Work to improve identity checking has already begun. The Document Verification Service (established in 2009) is a secure online system that allows government agencies to verify information on evidence of identity documents (visa, citizenship, change of name, birth, and marriage certificates, Medicare, Passports, Immigration Cards, Registry by Decent) against the issuing agency.
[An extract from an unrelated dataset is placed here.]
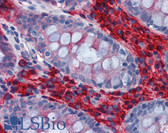 Mouse Anti-Human IgA Secondary Antibody (clone AD3) LS-B3728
The National Identity Proofing Guidelines (issued in October 2014) set out procedures for collecting and verifying evidence of a person’s identity, based on varying, risk-based levels of assurance.
The Commonwealth has also developed the National Facial Biometric Matching Capability to help mitigate the vulnerabilities in name-based identity checks. These systems have not yet been adopted by all Commonwealth or States and Territories government agencies.